What is being asked. The line containing "Angled view of" marks the end: write out exactly every line from the first line of the data below through that line, and only those.

[[ Supplied data, beginning ]]

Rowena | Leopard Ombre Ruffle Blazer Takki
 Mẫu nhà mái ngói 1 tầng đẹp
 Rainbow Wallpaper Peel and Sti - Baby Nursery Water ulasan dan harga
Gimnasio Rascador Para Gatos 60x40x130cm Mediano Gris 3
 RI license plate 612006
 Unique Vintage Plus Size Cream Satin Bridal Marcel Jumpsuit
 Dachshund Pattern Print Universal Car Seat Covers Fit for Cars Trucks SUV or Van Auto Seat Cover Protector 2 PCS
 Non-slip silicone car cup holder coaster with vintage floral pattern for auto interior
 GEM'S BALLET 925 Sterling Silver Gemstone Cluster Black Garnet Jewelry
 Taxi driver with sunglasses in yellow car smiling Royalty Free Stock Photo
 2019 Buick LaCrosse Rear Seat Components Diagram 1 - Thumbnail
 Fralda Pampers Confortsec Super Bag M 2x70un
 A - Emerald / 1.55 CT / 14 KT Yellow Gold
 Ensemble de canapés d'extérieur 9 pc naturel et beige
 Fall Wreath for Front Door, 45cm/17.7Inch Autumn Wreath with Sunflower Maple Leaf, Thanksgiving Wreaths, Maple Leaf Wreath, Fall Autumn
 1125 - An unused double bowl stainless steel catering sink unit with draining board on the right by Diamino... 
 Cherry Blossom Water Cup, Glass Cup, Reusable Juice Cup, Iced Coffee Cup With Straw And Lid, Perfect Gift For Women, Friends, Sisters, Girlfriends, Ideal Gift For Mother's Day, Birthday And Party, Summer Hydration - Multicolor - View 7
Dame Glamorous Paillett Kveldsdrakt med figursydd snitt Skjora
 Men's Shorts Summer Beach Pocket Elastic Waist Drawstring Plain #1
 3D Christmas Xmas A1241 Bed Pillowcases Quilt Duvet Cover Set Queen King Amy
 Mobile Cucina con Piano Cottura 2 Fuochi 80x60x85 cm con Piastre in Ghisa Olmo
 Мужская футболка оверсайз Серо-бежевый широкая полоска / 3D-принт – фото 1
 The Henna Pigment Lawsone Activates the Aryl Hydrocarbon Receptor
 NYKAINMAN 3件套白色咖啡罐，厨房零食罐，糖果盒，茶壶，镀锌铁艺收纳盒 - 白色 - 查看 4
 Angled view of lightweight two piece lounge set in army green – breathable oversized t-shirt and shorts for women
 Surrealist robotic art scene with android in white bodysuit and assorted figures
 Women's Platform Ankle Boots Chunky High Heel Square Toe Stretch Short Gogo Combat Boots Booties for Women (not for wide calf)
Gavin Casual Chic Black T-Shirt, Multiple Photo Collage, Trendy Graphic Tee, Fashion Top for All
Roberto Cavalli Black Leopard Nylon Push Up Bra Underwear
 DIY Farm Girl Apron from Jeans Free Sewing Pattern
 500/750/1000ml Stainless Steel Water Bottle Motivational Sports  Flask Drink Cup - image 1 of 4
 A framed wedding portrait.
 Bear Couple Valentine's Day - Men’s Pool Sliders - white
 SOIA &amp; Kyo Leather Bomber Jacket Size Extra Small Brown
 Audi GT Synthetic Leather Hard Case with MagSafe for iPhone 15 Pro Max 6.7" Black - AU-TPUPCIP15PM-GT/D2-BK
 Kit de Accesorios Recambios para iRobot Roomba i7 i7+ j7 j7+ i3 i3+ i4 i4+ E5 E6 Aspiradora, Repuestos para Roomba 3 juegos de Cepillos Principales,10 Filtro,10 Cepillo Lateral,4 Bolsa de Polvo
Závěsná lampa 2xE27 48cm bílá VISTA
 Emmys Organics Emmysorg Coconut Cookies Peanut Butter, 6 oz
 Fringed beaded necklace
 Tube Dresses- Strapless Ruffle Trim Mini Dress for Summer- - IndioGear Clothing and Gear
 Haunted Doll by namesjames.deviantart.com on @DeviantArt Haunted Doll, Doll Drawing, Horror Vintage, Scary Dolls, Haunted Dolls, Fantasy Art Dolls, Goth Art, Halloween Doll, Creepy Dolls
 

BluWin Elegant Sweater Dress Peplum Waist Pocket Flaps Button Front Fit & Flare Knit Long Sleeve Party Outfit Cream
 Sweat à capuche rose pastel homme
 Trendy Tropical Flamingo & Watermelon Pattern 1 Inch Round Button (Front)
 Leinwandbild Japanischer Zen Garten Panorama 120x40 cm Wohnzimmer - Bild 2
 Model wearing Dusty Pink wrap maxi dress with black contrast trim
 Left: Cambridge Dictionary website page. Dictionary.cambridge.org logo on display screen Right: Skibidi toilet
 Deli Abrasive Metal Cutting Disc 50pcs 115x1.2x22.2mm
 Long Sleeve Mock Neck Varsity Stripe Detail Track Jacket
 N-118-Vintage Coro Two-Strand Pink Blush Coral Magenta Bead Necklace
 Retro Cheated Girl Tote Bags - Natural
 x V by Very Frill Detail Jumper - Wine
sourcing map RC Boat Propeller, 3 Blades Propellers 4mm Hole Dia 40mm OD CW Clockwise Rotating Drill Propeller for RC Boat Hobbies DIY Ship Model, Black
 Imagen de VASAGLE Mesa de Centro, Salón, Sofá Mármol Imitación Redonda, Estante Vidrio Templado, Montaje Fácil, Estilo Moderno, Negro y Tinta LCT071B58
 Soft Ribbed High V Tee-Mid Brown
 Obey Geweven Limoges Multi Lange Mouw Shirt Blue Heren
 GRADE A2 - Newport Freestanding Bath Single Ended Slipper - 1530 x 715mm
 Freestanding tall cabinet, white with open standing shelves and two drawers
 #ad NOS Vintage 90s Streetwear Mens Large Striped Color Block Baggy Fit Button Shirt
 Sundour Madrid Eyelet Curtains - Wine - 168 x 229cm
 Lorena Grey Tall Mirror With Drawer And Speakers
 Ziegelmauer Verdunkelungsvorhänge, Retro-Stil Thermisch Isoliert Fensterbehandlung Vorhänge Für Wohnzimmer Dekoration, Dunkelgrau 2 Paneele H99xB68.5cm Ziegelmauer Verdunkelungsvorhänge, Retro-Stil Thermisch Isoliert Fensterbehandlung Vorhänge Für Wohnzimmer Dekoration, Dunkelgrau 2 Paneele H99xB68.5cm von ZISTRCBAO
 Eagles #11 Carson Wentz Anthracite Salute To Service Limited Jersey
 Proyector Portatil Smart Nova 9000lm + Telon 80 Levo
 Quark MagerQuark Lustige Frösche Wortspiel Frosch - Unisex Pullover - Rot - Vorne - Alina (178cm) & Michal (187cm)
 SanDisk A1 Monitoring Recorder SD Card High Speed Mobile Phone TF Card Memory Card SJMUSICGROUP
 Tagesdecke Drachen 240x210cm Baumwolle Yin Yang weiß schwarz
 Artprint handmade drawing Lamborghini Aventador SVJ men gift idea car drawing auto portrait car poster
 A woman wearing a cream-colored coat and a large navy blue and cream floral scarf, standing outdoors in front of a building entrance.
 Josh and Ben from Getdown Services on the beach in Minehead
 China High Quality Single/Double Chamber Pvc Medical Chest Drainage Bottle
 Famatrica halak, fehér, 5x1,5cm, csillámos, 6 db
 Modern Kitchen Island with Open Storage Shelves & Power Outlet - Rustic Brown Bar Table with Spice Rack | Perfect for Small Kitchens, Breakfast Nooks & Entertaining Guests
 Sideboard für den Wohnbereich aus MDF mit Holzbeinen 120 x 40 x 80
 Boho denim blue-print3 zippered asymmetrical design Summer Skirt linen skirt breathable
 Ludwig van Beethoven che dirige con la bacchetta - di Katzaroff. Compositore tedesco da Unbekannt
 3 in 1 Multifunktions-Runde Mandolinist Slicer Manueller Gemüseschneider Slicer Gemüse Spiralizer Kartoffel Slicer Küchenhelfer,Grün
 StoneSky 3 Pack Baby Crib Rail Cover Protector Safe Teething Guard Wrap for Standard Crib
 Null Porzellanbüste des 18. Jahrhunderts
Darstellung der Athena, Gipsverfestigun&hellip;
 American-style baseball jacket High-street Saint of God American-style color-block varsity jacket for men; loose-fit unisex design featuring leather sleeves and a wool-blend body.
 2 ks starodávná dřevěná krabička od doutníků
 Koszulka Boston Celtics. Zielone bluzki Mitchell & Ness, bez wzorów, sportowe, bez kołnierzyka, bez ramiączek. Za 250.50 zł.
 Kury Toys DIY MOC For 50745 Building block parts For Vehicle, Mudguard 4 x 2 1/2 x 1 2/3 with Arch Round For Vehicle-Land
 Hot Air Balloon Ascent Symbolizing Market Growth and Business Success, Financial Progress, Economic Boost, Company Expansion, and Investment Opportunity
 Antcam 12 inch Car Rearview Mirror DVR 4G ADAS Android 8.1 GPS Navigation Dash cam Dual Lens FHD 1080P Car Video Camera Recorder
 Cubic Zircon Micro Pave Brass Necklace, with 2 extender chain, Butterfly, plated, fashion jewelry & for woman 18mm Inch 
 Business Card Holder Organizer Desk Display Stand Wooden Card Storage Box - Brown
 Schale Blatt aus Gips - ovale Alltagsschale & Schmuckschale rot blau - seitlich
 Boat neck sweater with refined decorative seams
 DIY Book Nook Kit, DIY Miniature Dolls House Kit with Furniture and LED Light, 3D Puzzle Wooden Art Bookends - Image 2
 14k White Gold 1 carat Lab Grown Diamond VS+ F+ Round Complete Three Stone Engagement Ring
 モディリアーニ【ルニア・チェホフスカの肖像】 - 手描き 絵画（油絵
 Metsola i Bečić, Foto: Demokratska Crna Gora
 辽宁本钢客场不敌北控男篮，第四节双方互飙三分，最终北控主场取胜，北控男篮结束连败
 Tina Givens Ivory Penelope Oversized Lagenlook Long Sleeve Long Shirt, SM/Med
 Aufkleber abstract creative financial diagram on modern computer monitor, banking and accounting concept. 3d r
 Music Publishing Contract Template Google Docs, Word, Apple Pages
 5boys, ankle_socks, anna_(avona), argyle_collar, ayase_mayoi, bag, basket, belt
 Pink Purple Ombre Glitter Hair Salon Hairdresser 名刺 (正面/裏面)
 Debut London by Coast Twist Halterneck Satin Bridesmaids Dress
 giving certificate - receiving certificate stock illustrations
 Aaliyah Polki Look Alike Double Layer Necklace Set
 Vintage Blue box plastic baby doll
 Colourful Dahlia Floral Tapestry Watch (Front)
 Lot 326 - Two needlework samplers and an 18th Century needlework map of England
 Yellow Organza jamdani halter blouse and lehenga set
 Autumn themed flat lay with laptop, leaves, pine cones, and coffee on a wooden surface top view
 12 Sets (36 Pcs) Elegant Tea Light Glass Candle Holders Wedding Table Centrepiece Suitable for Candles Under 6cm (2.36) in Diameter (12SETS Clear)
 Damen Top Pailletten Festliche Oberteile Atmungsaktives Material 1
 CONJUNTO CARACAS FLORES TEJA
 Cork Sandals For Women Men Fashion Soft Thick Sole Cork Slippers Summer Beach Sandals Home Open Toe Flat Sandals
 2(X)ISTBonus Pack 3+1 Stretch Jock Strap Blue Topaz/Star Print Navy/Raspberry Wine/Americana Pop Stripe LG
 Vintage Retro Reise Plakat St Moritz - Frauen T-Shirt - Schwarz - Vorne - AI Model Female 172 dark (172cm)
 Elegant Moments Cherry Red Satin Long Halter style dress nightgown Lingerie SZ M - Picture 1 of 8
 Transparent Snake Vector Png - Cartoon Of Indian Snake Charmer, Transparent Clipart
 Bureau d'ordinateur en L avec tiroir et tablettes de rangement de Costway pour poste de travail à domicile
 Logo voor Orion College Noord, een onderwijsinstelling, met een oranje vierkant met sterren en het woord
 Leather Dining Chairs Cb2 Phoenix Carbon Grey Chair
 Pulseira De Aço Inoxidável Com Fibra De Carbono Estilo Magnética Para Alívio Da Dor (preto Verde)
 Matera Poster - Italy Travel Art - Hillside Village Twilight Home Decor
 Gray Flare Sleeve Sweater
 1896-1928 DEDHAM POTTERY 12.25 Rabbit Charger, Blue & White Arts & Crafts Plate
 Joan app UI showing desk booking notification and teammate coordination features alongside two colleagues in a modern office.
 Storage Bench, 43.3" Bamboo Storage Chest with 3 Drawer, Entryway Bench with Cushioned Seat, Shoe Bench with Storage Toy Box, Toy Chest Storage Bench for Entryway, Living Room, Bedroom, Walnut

[[ Supplied data, end ]]

Exercise answer.
Rowena | Leopard Ombre Ruffle Blazer Takki
 Mẫu nhà mái ngói 1 tầng đẹp
 Rainbow Wallpaper Peel and Sti - Baby Nursery Water ulasan dan harga
Gimnasio Rascador Para Gatos 60x40x130cm Mediano Gris 3
 RI license plate 612006
 Unique Vintage Plus Size Cream Satin Bridal Marcel Jumpsuit
 Dachshund Pattern Print Universal Car Seat Covers Fit for Cars Trucks SUV or Van Auto Seat Cover Protector 2 PCS
 Non-slip silicone car cup holder coaster with vintage floral pattern for auto interior
 GEM'S BALLET 925 Sterling Silver Gemstone Cluster Black Garnet Jewelry
 Taxi driver with sunglasses in yellow car smiling Royalty Free Stock Photo
 2019 Buick LaCrosse Rear Seat Components Diagram 1 - Thumbnail
 Fralda Pampers Confortsec Super Bag M 2x70un
 A - Emerald / 1.55 CT / 14 KT Yellow Gold
 Ensemble de canapés d'extérieur 9 pc naturel et beige
 Fall Wreath for Front Door, 45cm/17.7Inch Autumn Wreath with Sunflower Maple Leaf, Thanksgiving Wreaths, Maple Leaf Wreath, Fall Autumn
 1125 - An unused double bowl stainless steel catering sink unit with draining board on the right by Diamino... 
 Cherry Blossom Water Cup, Glass Cup, Reusable Juice Cup, Iced Coffee Cup With Straw And Lid, Perfect Gift For Women, Friends, Sisters, Girlfriends, Ideal Gift For Mother's Day, Birthday And Party, Summer Hydration - Multicolor - View 7
Dame Glamorous Paillett Kveldsdrakt med figursydd snitt Skjora
 Men's Shorts Summer Beach Pocket Elastic Waist Drawstring Plain #1
 3D Christmas Xmas A1241 Bed Pillowcases Quilt Duvet Cover Set Queen King Amy
 Mobile Cucina con Piano Cottura 2 Fuochi 80x60x85 cm con Piastre in Ghisa Olmo
 Мужская футболка оверсайз Серо-бежевый широкая полоска / 3D-принт – фото 1
 The Henna Pigment Lawsone Activates the Aryl Hydrocarbon Receptor
 NYKAINMAN 3件套白色咖啡罐，厨房零食罐，糖果盒，茶壶，镀锌铁艺收纳盒 - 白色 - 查看 4
 Angled view of lightweight two piece lounge set in army green – breathable oversized t-shirt and shorts for women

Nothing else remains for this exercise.